For many months, coalition military planners in Afghanistan have been readying themselves for a bloody summer. In briefings in the spring, a number of officers — from the then-commander of coalition forces, David McKiernan, to company commanders patrolling sullen villages — all said significant casualties in the traditional “fighting season” of July and August were inevitable. Nor were casualties likely to be because of greater numbers of troops coming into the country and venturing into new areas.
“The Taliban are much, much more stood up. They are much tighter, much more professional, much more together,” one intelligence officer in Kabul said earlier this year.
A lot has been made of the Taliban’s increasing use of “asymmetric tactics,” such as booby traps, roadside bombs or suicide attacks. A few hours on an operation with US troops, supported by attack helicopters, jets and unmanned heavily armed drones, makes it clear why: If the insurgents do not stay out of the way, they will be killed, as many thousands have been.

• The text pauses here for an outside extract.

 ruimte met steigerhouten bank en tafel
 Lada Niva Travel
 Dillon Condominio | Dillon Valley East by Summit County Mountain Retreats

But once coalition troops establish a presence, they become vulnerable. They need supplies, they need to patrol; they are perfect targets for the hit and run tactics of the Taliban.
Those tactics have been particularly honed in ambushes. Soldiers fighting the insurgents say they now show vastly improved ability to coordinate fire. So volleys of rocket-propelled grenades (RPGs) now rain down during engagements.
The Taliban have also learned to focus fire on their opponents’ heavy weapons or radios. NATO officers also say the Taliban’s command and control has also been improved to coordinate fighting with foot soldiers and to allow rapid engagement or disengagement.
US soldiers who served in Iraq say Afghan fighters compared favorably to the disorganized militants they had faced before. They say they are often more imaginative, too. In one engagement in Kunar Province last year, insurgents got close enough to US positions to throw stones among them, hoping the US troops would mistake them for grenades, panic and expose themselves.
Yet the work done by the Taliban high command — based mainly in Pakistan — goes way beyond tactics. Through the winter, NATO intelligence officers say, the insurgents worked at stiffening internal discipline. Several Afghan members of parliament interviewed earlier this year say the shadow governors appointed by the Taliban in every province were reshuffled to re-energize the movement.
Junior frontline commanders, many of whom had become more autonomous in last year’s fighting and challenged their leadership, were brought in line.
Teams organizing the bombs that have caused so many of the casualties were retrained in new techniques. Spies and double agents were killed.
The tactics of the coalition forces have been studied closely. One preoccupation is air power. As with the conflict with the Soviets, airpower is what insurgents fear most. Helicopters have not yet been attacked successfully in a systematic way.
However, if the Taliban do find a means to target coalition aircraft, this will not simply change tactics but geopolitics — as it did for the Soviets. Within three years of the Afghan mujahidin receiving effective surface-to-air missiles, the Soviets had pulled out.